An additional way in which the host brings microbes together, limits their spread, and increases their effective density is by the formation of molecular traps or nets. For example, secreted DNA/chromatin from neutrophils (NETs, neutrophil extracellular traps) forms a scaffold that ensnares microbes(1, 21). NETs both promote microbial clearance and complement activation(11). Molecular traps composed of self-assembling defensin protein to form fibrils or nanonets that surround and entangle bacteria have recently been described(9). The ability of molecular traps or nets to provide a nidus for complement activation that amplifies its antimicrobial effect on a group of contained microbes has not been fully investigated.

Evasion of host defenses based on size

If the immune response subverts the small effective size of microbes, are there ways that successful pathogens evade these defense mechanisms? The agglutinating effect of immunoglobulin requires antigen recognition; while diversity and variation of microbial surfaces provides a means of avoiding binding by antibody. Not all classes of immmunoglobulin are equivalent in their ability to agglutinate a target. On the mucosal surface, the most abundant antibody class is IgA, which is quadravalent in its secreted form (S-IgA). In the human respiratory tract, ~90% of the S-IgA is in the form of IgA1. The hinge region of human IgA1 is cleaved by target sequence specific bacterial proteases expressed by members of many genera that reside primarily within the human respiratory tract, including Neisseriae, Haemophilus, and Streptococcus(3, 15, 16). These encompass proteases of different enzymatic classes, indicating that the ability to cleave the hinge region of IgA1 is an example of convergent evolution. Cleavage of human IgA1 at its hinge leaves the Fab antigen binding regions intact but separates them from the portions bridging the four Fab fragments per molecule of S-IgA1. The net result is that the antigens remain covered by Fab fragments, but the multivalency and agglutinating activity of IgA1 is eliminated. Thus, IgA1-proteases are an example of a strategy used by microbes to minimize the ability of the immune response to increase their effective size (Table 1).

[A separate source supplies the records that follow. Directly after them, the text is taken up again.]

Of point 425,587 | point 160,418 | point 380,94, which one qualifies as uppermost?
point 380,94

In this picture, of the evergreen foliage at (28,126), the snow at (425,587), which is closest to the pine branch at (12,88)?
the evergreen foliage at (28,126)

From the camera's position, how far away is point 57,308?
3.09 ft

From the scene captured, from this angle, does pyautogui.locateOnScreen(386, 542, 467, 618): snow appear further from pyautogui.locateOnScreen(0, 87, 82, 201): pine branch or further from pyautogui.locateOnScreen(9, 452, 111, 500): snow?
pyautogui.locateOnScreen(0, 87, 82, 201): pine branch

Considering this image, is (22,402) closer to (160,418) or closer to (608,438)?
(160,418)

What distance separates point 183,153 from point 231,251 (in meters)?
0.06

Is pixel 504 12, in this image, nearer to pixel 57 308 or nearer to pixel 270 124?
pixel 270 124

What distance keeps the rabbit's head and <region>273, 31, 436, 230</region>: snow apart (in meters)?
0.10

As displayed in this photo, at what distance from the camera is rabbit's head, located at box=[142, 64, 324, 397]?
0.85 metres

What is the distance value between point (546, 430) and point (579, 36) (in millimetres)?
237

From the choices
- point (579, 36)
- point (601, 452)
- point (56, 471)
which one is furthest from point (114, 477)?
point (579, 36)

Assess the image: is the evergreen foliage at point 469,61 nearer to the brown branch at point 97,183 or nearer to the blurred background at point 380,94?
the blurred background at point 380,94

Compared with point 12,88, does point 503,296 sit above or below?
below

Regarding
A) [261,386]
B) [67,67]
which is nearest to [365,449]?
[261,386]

Other mechanisms that counteract the agglutination of microbes have been shown to promote their virulence. Clearance through the formation of NETs is inhibited by bacterial substances that prevent their aggregation by chromatin. For example, escape from NETs by Streptococcus pyogenes is facilitated by expression of the bacteriophage-encoded virulence factor Sda1, which has DNase activity(26, 29). Likewise, nuclease-expressing S. aureus are better able to degrade NETs, and this activity is associated with delayed clearance from the lung and increased mortality in a mouse model(4).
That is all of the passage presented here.